Another property once belonging to the same proprietor, and known as the Manoir de Blonay, a name continually recurring in the annals of the Chablais, is to be noted beyond the town, near the little village of Maxilly.

Beyond Évian is “La Tour Ronde,” a name given to a structure on the edge of the lake. The nomenclature explains itself. A dismantled donjon of the conventional build rises grim and militant among a serried row of coquettish villas, chalets and hotels, but uncouth as it is, using the word in a liberal sense, it forms a contrasting note which redounds to its benefit as compared with the latest craze for fantastic building which has been incorporated into many of the houses which line the shores of the lake. Your modern tourist often cares as much for an armoured cement, green tiled villa with a plaster cat on its ridge pole as he does for a great square manoir of classic outline, or a donjon with a chemin de rond at its sky line and a half-lowered portcullis at its entrance.

Meillerie, just beyond the Tour Ronde, is ever under the glamour cast over it by Jean Jacques Rousseau.
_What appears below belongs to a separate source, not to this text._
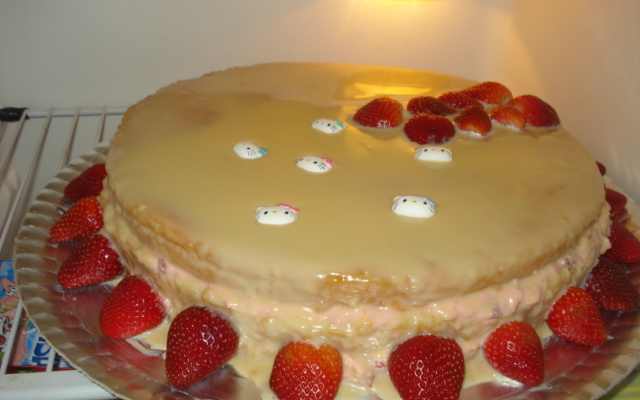 Bolo mousse de morango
A souvenir of the hero of “La Nouvelle Heloise” is here, the vestiges of the grotto where Saint Preux sought a refuge. As a sight it may compare favourably with other grottos of its class, but that is not saying that it is anything remarkable.

CHAPTER XIX
THE MOUNTAIN BACKGROUND OF SAVOY

“LA SAVOIE,” say the French, is “La Suisse Française,” and indeed it is, as anyone can see and appreciate. With respect to topography, climate and nearly all else this is true. And its historic souvenirs, if sometimes less romantic, are more definite and far more interesting, in spite of the fact that the sentimentally inclined have not as yet overrun the region; it may with confidence be said that they have not even discovered it.